During World War I, Fromm worked for the German Red Cross and was decorated by the King of Bavaria. After her mother’s death, she inherited the family fortune and was able to devote her time to social work. The Inflation of 1923, however, destroyed her wealth and she was forced to look for work. Using family contacts, she was employed by the Ullstein press, a major Jewish-owned publishing house, and worked for the Ullstein newspapers, notably the Berliner Zeitung (“BZ”) and the Vossische Zeitung, a leading Berlin liberal newspaper. Initially confined to traditional roles for female journalists such as fashion and social gossip, Fromm proved talented and ambitious and soon graduated to writing about politics and diplomacy.

==Journalist==

As a diplomatic correspondent for the Ullstein papers, Fromm became a well-known figure in Berlin high society. Among those with whom she may have been acquainted were Frederick Birchall (The New York Times correspondent and editor), Aristide Briand (French Prime Minister), Vittorio Cerruti (Italian Ambassador), William E. Dodd (U.S. Ambassador), André François-Poncet (French Ambassador), Ernst Hanfstaengl (friend of Adolf Hitler and his first foreign press chief), Louis P. Lochner (veteran American correspondent), Otto Meissner (head of the Presidential Chancellery, and later of Hitler’s Chancellery), Konstantin von Neurath (German Foreign Minister), Sir Eric Phipps (British Ambassador), Leni Riefenstahl (filmmaker), Hjalmar Schacht (Economics Minister) and Kurt von Schleicher (Chancellor before Hitler). By her own account, Fromm met Hitler, Hermann Göring, Rudolf Hess and Joseph Goebbels several times at diplomatic events, but was not friendly with any of them.
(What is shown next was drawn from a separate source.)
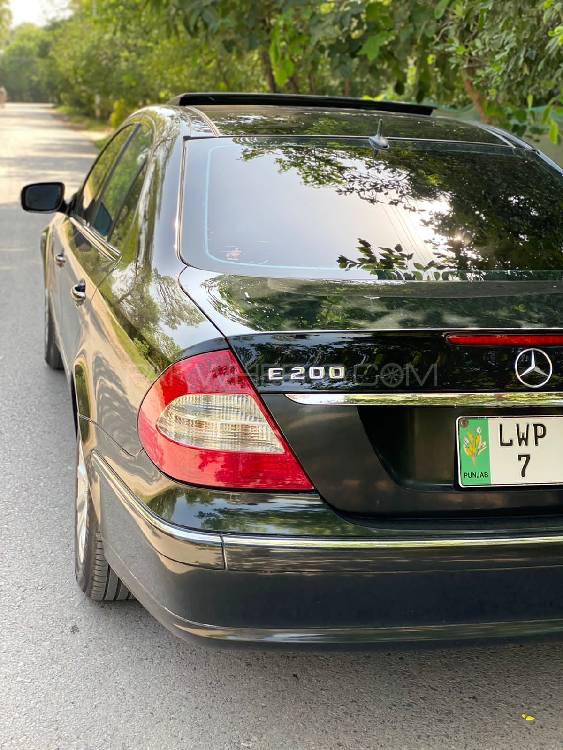 Mercedes Benz E Class 2004 for Sale in Peshawar Image-1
Fromm portrayed herself as a leading figure in Berlin's political society; she was on intimate terms with ministers, editors, and diplomats, and knew of confidential information about many of them. She makes much of her close friendship with Schleicher and his wife and writes of her attempts to warn Schleicher that President Paul von Hindenburg was about to remove him as Chancellor in favor of Hitler. It is notable, however, that two of the best-known contemporary accounts of politics and the press in Berlin at this time do not mention Fromm. This includes William Shirer’s Berlin Diary, and the memoirs of Hitler’s press chief Otto Dietrich, Zwölf Jahre mit Hitler

As an outspoken liberal (and because of her Jewish heritage), Fromm's position on German affairs became increasingly more precarious after the Nazis came to power in 1933. She was protected to some extent by her friendship with leading foreign diplomats and also with conservative members of Hitler’s government such as Schacht and von Neurath. In 1934 she sent her daughter to the United States. After 1934 she was no longer able to write under her own name, but her journalism continued to appear anonymously. She continued to be invited to diplomatic and social events.
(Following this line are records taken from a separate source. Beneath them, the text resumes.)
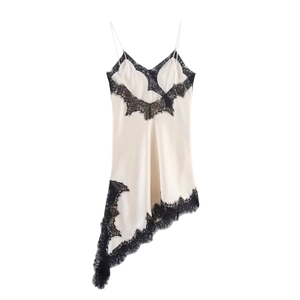 Détail de la robe en satin blanc avec bordure en dentelle noire et fines bretelles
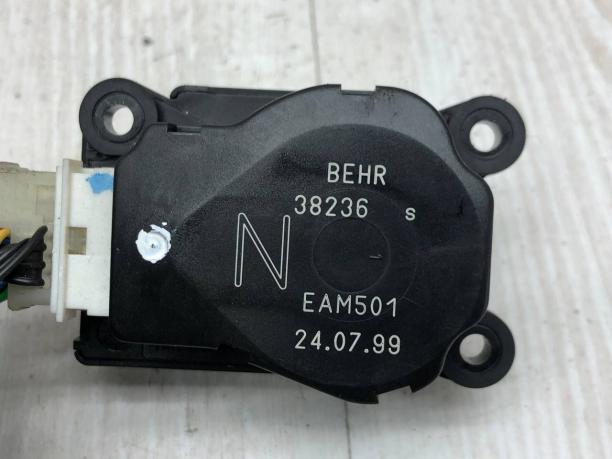 Сервопривод на проводке Mercedes W220 A2208201042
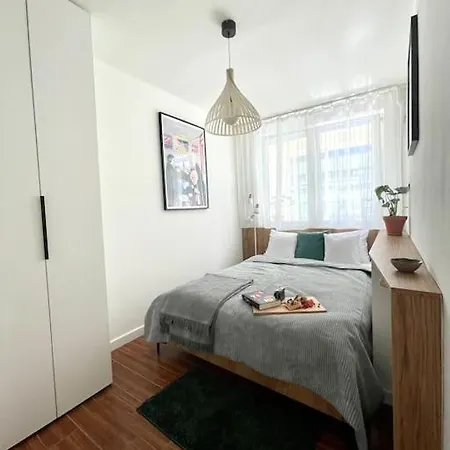 Apartment Oomph Modern With Balcony *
Deprived of most of her income from journalism, Fromm returned to her family’s trade as a wine merchant, exploiting her contacts with foreign embassies and wealthy Berliners. According to her account, she also used her contacts to secure visas for many German Jews desperate to emigrate. For this reason, she wrote, she refused to heed the advice of her friends that she should leave Germany before it was too late. In 1938, however, Jews were excluded from the wine trade. Left with no income, and in the face of increasing anti-Semitic persecution, Fromm emigrated to the U.S. in September 1938.

In New York, Fromm worked as a typist and secretary and met her third husband, Peter Wolff. With the entry of the U.S. into World War II in December 1941, Fromm decided to write a book about her experiences in Weimar and Nazi Germany. In 1943, Blood and Banquets was first published in England. It was aimed at a war-time American readership and is stridently anti-Nazi and pro-American in tone.

==Historical analysis==

In Blood and Banquets Fromm asserted: "In preparing this book, I made excerpts from the original entries in my diary… The parts of my diary which are contained in this book stand just as they were originally written…"
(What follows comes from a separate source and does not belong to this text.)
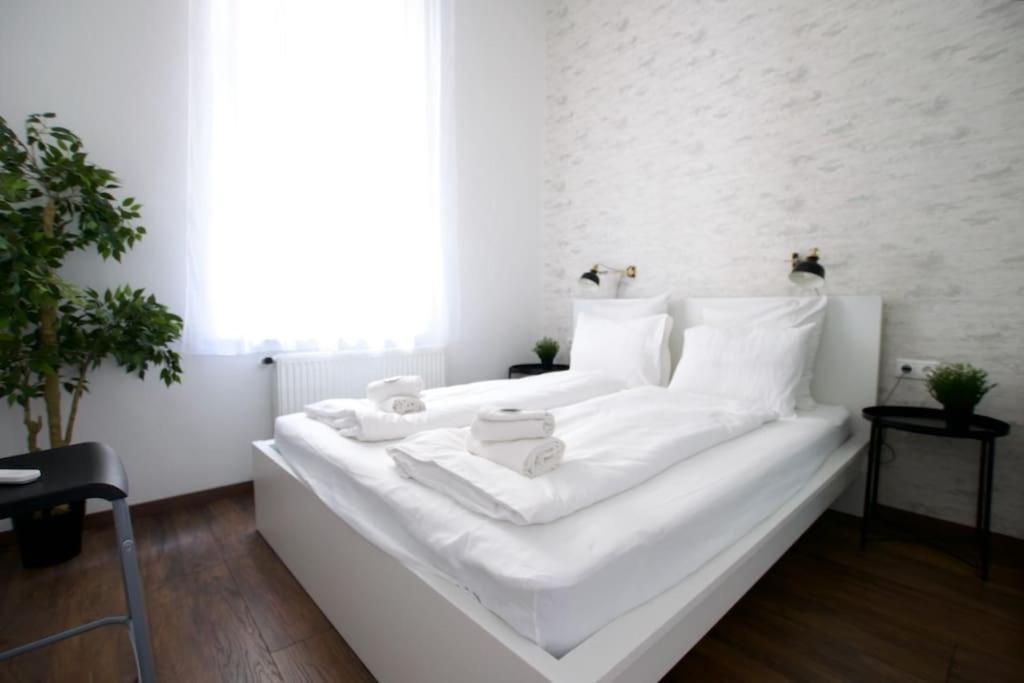 Standard By Hi5- Bajcsy 63 Apartment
This assertion, however, has been challenged by the American historian Henry Ashby Turner, who examined Fromm’s private papers in the Boston University library. In a 2000 journal article, Turner maintained that Fromm wrote the book in New York, basing it on her extensive collection of newspaper cuttings, on secondary sources and on her own memory. Turner noted that Fromm’s papers contain no original manuscript of a diary, only a series of typescripts produced on an American typewriter and on an American writing paper. Turner also noted significant changes between successive drafts, contradicting Fromm’s assertion that the entries in the published book “stand just as they were originally written.”

Turner also pointed out factual errors in Blood and Banquets, which, he said, arose from Fromm’s use of secondary sources, and which would not have occurred if the book had been an authentic contemporary diary. He cites as an example an entry for 29 January 1932, in which Fromm refers to a speech given by Hitler on 27 January. In fact, Turner says, Hitler gave his speech on 26 January, which Fromm would have known had she been basing her book on an actual contemporary diary. The error, Turner says, is also to be found in Fritz Thyssen’s book I Paid Hitler, published in the U.S. in 1941. He concludes that Fromm wrote her “diary” entry based on Thyssen’s book rather than on an actual diary. In other entries, he says, Fromm gives erroneous dates for speeches by Goebbels (including one she claimed to have witnessed) as a result of relying on newspaper cuttings rather than her own knowledge.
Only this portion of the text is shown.